Infrastructure Issues - Billing and signup impacted

Incident Report for Atlassian Statuspage

Postmortem

SUMMARY

On December 7, 2021, between 15:54 UTC and December 8, 2021, at 01:55 UTC, Atlassian Cloud services using AWS services in the US-EAST-1 region experienced a failure. This affected customers using Atlassian Access, Bitbucket Cloud, Compass, Confluence Cloud, the Jira family of products, and Trello. Products were unable to operate as expected, resulting in partial or complete degradation of services. The event was triggered by an AWS networking outage in US-EAST-1 affecting multiple AWS services and led to the inability to access AWS APIs and the AWS management console. The incident was first reported by Atlassian Access whose monitoring detected faults accessing DynamoDB services in the region. Recovery of affected Atlassian services occurred on a service-by-service basis from 2021-12-07 21:50 UTC when the underlying AWS services also began to recover. Full recovery of Atlassian Cloud services was notified at 2021-12-08 1:55 UTC.

IMPACT

The overall impact occurred between December 7, 2021, between 15:54 UTC and December 8, 2021, at 01:55 UTC. The incident caused partial to complete service disruption of Atlassian Cloud services in the US-EAST-1 region. Product-specific impacts are listed below.

The primary impact for customers of Jira Software, Jira Service Management and Jira Work Management hosted in the US-EAST-1 region, was being unable to scale up, which caused slow response times for web requests and delays in background job processing, including webhooks in the AP region. There was significant latency for customers accessing Jira. Some customers experienced service unavailability while the incident took place.

Jira Align experienced an email outage for US customers due to the AWS Service outage that affected many of the AWS Services including Simple Email Service. A small percentage of Jira Align emails were not sent due to the AWS incident.

Bitbucket Pipelines was unavailable and steps failed to be executed.

For Jira Automation, tenant’s rules execution were delayed since CloudWatch was affected.

Confluence experienced minor impact due to upstream services impacting user management, search, notifications, and media. At the same time Confluence was impacted by error rates related to the inability to scale up, and GraphQL had higher latencies.

Trello email-to-board and dashcards features experienced degraded performance.

Atlassian Access reported product transfers from one organization failed intermittently. Admins were not able to update features like IP Allowlist, Audit Logs, Data Residency, Custom Domain Email Notification and Mobile Application Management. Yet, users were able to access and view these features. During the incident, emails to admins experienced a delay. There was degraded experience when creating and deleting API tokens.

Statuspage was largely unaffected. However, notification workers could not scale up and communications to customers were delayed, though they could be replayed later.
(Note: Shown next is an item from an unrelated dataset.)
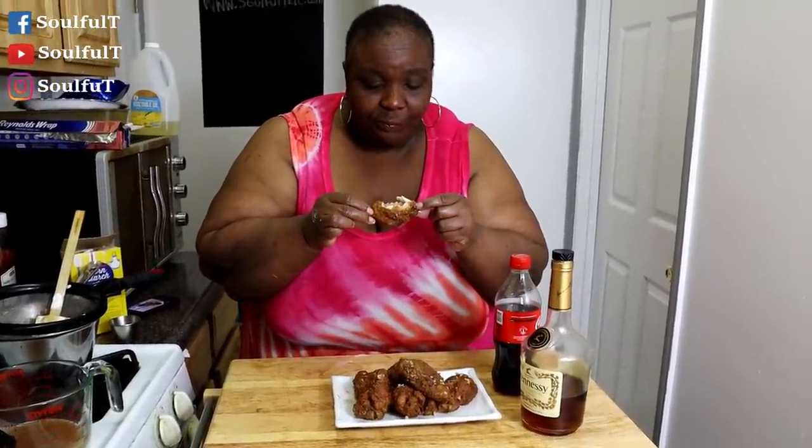Okay guys, before I taste this — my son kindly reminded me that what I drained off wasn't cornstarch, it was my garlic! The cornstarch had melted, I was confused. So don't drain off the garlic — you want your garlic as part of this recipe. My mind was all over the place! But without further ado, I told y'all the flats are my favorite part. And this flour — this is good!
The incident also impacted users trying to sign in to manage portals and private pages.

Compass experienced a minor impact on its ability to write to its primary database store. No core features were affected.

Atlassian's customers could have experienced stale data issues in production, US-EAST-1 for ~30s, against expected 5s at p99, because of delayed token resolution.
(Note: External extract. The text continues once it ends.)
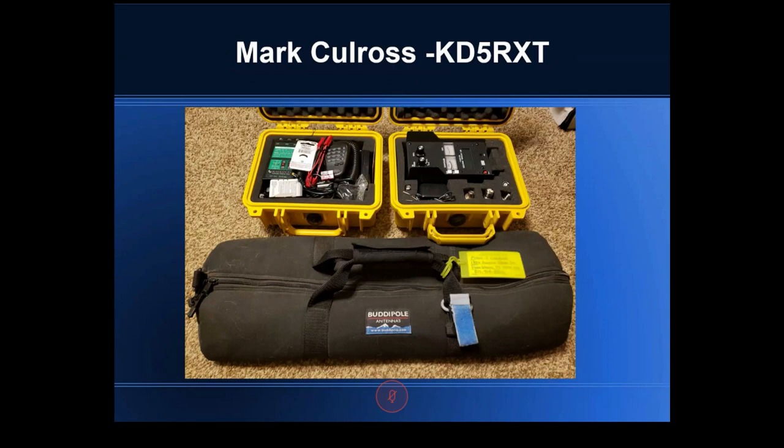Now it's Mark's turn. He had to figure out what question he was answering when the request came in. His picture shows what he typically takes: a radio case top left, an antenna analyzer case top right, and a Buddipole antenna at the bottom — that's everything, all packed up.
The provisioning of new cloud tenants was also impacted until the recovery of the services.

ROOT CAUSE

The issue was caused by a problem with several network devices within AWS’s internal network. These devices were receiving more traffic than they were able to process, which led to elevated latency and packet loss. As a result, it affected multiple AWS services which Atlassian's platform relies on, causing service degradation and disruption to the products mentioned above. For more information in regards to the root cause, see Summary of the AWS Service Event in the Northern Virginia (US-EAST-1) Region.

There were no relevant Atlassian-driven events in the lead-up that have been identified to cause or contribute to this incident.

REMEDIAL ACTIONS PLAN & NEXT STEPS

We know that outages impact your productivity. We are taking immediate steps to improve the Atlassian platform's resiliency and availability to reduce the impact of such an event in the future. While Atlassian's Cloud services do run in several regions (US EAST and WEST, AP, EU CENTRAL and WEST, among others) and data is replicated across several regions to increase the resilience against outages of this magnitude, we have identified and are taking actions that include improvements to our region failover process. This will minimize the impact of future outages on Atlassian’s Cloud services and provide better support for our customers.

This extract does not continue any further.